_DIRECTIONS:_ Where the records appear below, transcribe them exactly, leaving none out.

Records from a dataset:
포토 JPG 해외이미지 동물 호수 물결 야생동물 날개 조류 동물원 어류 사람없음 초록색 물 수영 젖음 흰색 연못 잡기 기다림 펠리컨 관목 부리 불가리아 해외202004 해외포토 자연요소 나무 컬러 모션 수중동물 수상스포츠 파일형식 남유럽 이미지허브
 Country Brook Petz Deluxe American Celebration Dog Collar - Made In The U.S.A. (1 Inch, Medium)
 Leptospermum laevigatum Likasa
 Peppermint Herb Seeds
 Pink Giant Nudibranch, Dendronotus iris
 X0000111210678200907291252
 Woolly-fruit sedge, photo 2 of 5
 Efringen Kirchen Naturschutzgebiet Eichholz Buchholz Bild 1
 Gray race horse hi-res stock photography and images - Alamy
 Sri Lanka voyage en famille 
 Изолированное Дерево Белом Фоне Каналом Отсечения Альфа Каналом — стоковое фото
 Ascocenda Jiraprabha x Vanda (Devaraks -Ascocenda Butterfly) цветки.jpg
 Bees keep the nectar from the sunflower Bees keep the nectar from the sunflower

_RESULT BELOW:_
포토 JPG 해외이미지 동물 호수 물결 야생동물 날개 조류 동물원 어류 사람없음 초록색 물 수영 젖음 흰색 연못 잡기 기다림 펠리컨 관목 부리 불가리아 해외202004 해외포토 자연요소 나무 컬러 모션 수중동물 수상스포츠 파일형식 남유럽 이미지허브
 Country Brook Petz Deluxe American Celebration Dog Collar - Made In The U.S.A. (1 Inch, Medium)
 Leptospermum laevigatum Likasa
 Peppermint Herb Seeds
 Pink Giant Nudibranch, Dendronotus iris
 X0000111210678200907291252
 Woolly-fruit sedge, photo 2 of 5
 Efringen Kirchen Naturschutzgebiet Eichholz Buchholz Bild 1
 Gray race horse hi-res stock photography and images - Alamy
 Sri Lanka voyage en famille 
 Изолированное Дерево Белом Фоне Каналом Отсечения Альфа Каналом — стоковое фото
 Ascocenda Jiraprabha x Vanda (Devaraks -Ascocenda Butterfly) цветки.jpg
 Bees keep the nectar from the sunflower Bees keep the nectar from the sunflower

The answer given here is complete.